:: Source data ::
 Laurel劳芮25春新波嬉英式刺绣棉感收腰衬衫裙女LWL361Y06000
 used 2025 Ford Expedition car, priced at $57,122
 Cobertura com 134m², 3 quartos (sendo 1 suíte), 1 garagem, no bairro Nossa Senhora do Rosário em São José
---
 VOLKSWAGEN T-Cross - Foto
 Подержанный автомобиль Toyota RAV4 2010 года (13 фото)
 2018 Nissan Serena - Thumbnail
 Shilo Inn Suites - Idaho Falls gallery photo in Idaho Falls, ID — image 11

:: Work task ::
For this exercise, repeat exactly the lines of the data above from the one with "Подержанный автомобиль Toyota" down to the one with "Shilo Inn Suites", both end lines included.

:: Completed exercise ::
 Подержанный автомобиль Toyota RAV4 2010 года (13 фото)
 2018 Nissan Serena - Thumbnail
 Shilo Inn Suites - Idaho Falls gallery photo in Idaho Falls, ID — image 11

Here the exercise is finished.